Si de lo que se trata es de no volver a delinquir, con Ramón lo han conseguido. “¿Qué de qué me sirvió el curso? Pues para saber que soy pasivo-agresivo. Que tengo paciencia, pero cuando exploto no se me puede parar. Me explicaron que tengo que hablar, hablar mucho. Ahora no me pongo tan… Respiro y cuento hasta diez antes de actuar”, explica. Cosa distinta es que sus valores, su forma de ver el mundo o sus prejuicios hayan cambiado como si hubiera experimentado la transformación de un Derek, el protagonista de American History X que abandona su pasado neonazi gracias a las lecturas que le facilita su director de instituto afroamericano.

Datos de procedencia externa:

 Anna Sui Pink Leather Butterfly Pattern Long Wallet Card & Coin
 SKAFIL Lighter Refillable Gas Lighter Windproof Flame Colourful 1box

De la conversación se deduce que Ramón no ha cambiado tanto y que ni siquiera percibe sus prejuicios. “Yo no soy facha ni nada de eso. No tengo problemas con los extranjeros, vivo en un barrio acomodado, aquí no hay árabes ni sudacas ni nada de eso”, dice.

El fiscal: “No queremos que eludir la prisión salga gratis”

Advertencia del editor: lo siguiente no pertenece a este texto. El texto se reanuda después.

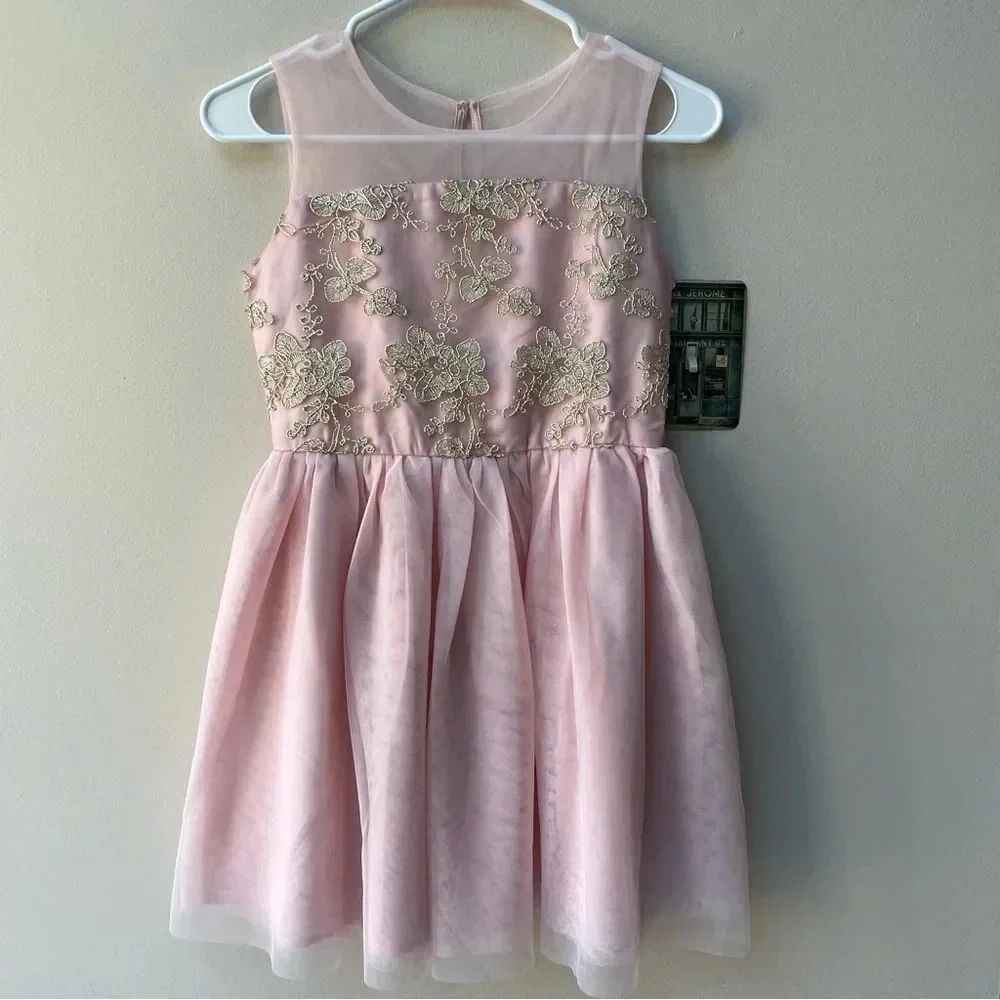 NWT THE CHILDREN’S PLACE Girls Embroidered Lace Dress Gold Beading Pink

Aunque al final acabó haciendo migas con sus compañeros —”había de todas las razas; algunos habían hecho cosas bastante peores que yo”—, para Ramón el curso fue básicamente un fastidio que le obligó a pedir días de fiesta en el trabajo y a desplazarse de Vic a Barcelona durante tres meses. Si lo siguió fue, sobre todo, para evitar el ingreso en prisión: “Tengo familia y una hija, la cárcel no me conviene”.

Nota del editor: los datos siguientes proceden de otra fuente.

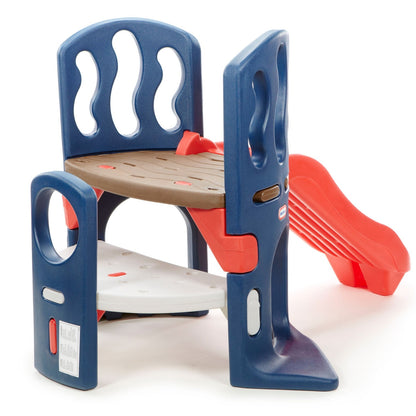 Wide, multi-level platforms make it easy for little ones to climb up to the slide landing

La motivación es esencial, admite Olga Loscos, formadora y psicóloga de la fundación AGI, una de las que imparte los cursos. “Contamos con que vienen obligados y, algunos, con motivación baja. Pero, si reconocen el delito, podemos trabajar la empatía y la gestión de las emociones”, cuenta. El objetivo, como también ella recuerda, no es tanto transformar los esquemas mentales de un individuo como evitar que reincida. Con todo, dice, los penados “no salen igual que han entrado”.

Dilemas morales

Una de las dinámicas de grupo que se plantean es la presentación de dilemas morales, en los que cada uno ha de defender una posición contraria a la que en realidad tiene. También se analizan vídeos en los que se ve el efecto (desasosiego, miedo) que actos como los suyos causan en las víctimas. “Esto a algunos les impacta”, dice Loscos, que asegura que el perfil de agresor es diverso, aunque la inmensa mayoría son hombres y muchos de ellos es la primera vez que delinquen. “La mayoría responde a una ideología muy circular, que entra en bucle”.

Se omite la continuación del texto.